These lenders, who use abusive or unfair practices, offer loans with high rates and excessively long or short repayment terms that make the lender money but leave the borrower with a loan they may not be able to repay.
Payday loans are a common type of predatory loan: About 12 million Americans take them out every year, says Alex Horowitz, a senior research officer with the nonprofit public interest group Pew Charitable Trusts. These short-term, high-interest loans can trap borrowers in a cycle of debt.
“Consumers fare best when they have affordable payments — when they have a clear pathway out of debt,” he says.
Knowing what makes a loan dangerous can keep borrowers from falling into a debt trap. Here are five signs of a predatory loan.
1. No-credit-check ads
Some lenders advertise loans that don’t require a credit check, meaning the lender doesn’t obtain information about the borrower’s financial history and can’t gauge their ability to repay the loan.
Predatory lenders will often charge a much higher annual percentage rate to make up for the borrowers who inevitably default on their loan, says Brad Kingsley, a South Carolina-based financial planner with Cast Financial.
“If they’re making it super easy [to get a loan], then it’s a red flag,” he says. “Some pushback is positive.”
2. Focus on monthly payments
Lenders that advertise low monthly payments on a loan without mentioning the APR or loan term should set off an alarm, Kingsley says.
Lenders may do this to distract from the loan’s term and rates, he says.
Because predatory lenders offer loans with high fees and interest rates, borrowers should focus as much on the full cost of the loan — which an APR represents — as the monthly payments.
3. Sky-high rates
The APR on a loan shouldn’t come out to more than 36%, says Charla Rios, a researcher with the Center For Responsible Lending, a consumer advocacy group.
That maximum rate has been affirmed by multiple states and federal agencies because it gives borrowers a fair chance at repayment and incentivizes lenders to offer affordable loans, according to a 2013 report from the National Consumer Law Center, a policy-focused nonprofit that serves low-income people.
Many payday lenders charge APRs well above 100% and may not make that explicit on their homepage, Rios says.
If you can’t see an APR range anywhere on the lender’s website, you should be cautious about doing business with them, says Lauren Saunders, associate director of the National Consumer Law Center.
“If you have to hunt for [the APR], that’s a red flag,” she says.
4. Excessively long or short repayment periods
Payday lenders typically require a borrower to pay the loan back within a week or two.
But some lenders offer small loans with high APRs and excessively long repayment periods, Horowitz says. These loans can leave a borrower paying more in fees and interest than the amount they originally took out.
For example, a $1,200 loan with an 18-month repayment period and a 300% APR would result in monthly payments of about $305 and total interest of $4,299.
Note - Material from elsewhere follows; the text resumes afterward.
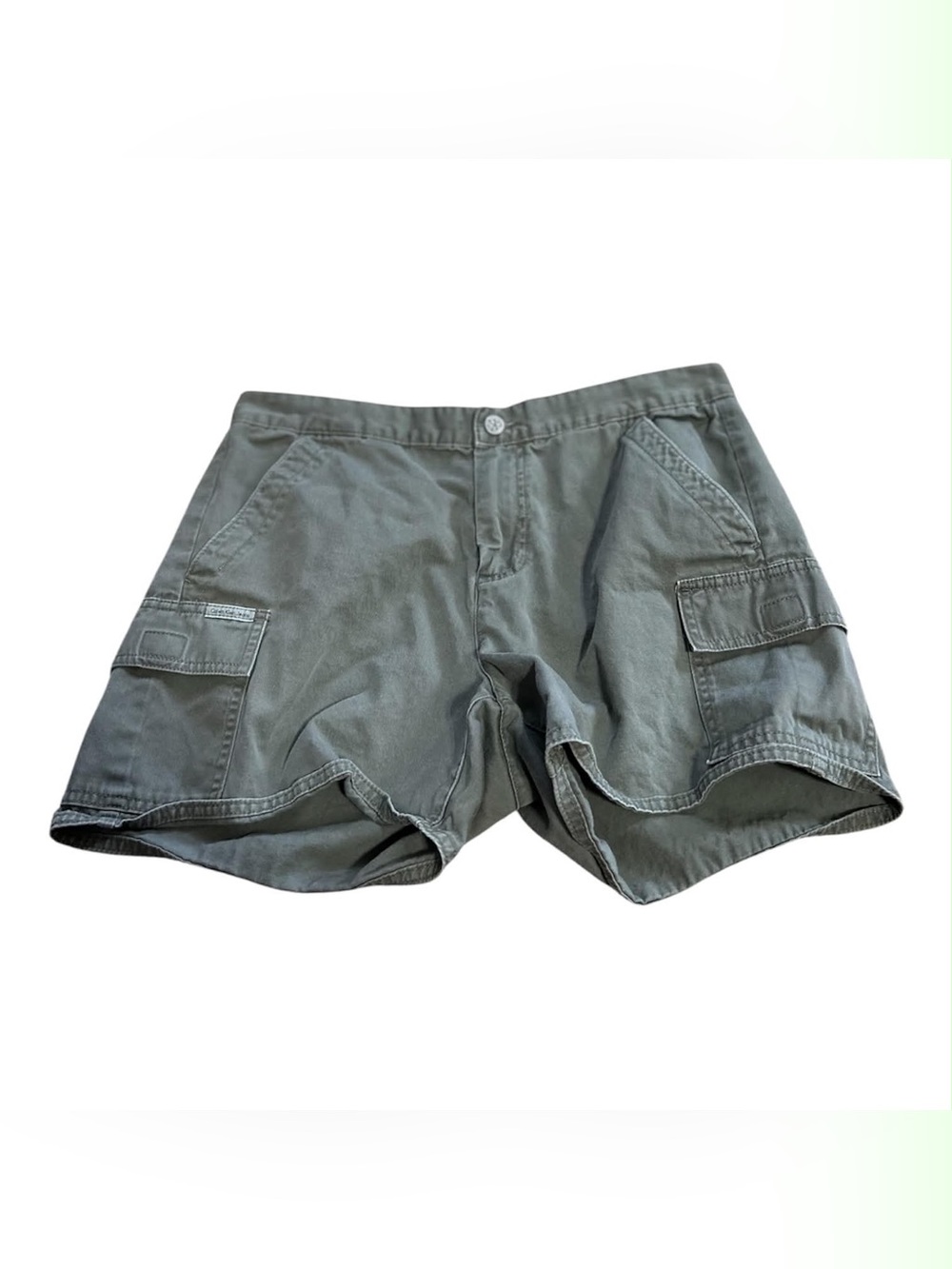 Calvin Klein Jeans Gray Cargo Shorts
5. All-in-one payment requirements
A predatory lender may have repayment terms that require a single payment or a handful of small payments, then a lump sum, also called balloon payments.
The average payday loan takes 36% of a borrower’s paycheck, Horowitz says. If a borrower can’t go without that income, they might take another payday loan to make up for the cost.
A reasonable loan repayment plan should center on a consistent share each paycheck, rather than a balloon payment, he says.
Getting out of a predatory loan
Borrowers who have a predatory loan can try a few avenues to get in better financial shape.
Refinance the loan
If borrowers have somewhat solid credit, Kingsley says, they may be able to pay off a predatory loan with another loan from a reputable lender. Many credit unions offer low rates to borrowers with undesirable credit.
Seek free advice
You may be able to find a nonprofit legal aid office in your area that offers free or inexpensive legal consultation, Rios says. Another option may be to search for a credit counselor to help you determine the best way forward.
Contact your attorney general
Writing to your attorney general won’t get you out of the loan, but it will create a record that you’ve encountered predatory lending practices, says Rios with the Center for Responsible Lending. If you’re one of many complainants, it’s possible the office will investigate further.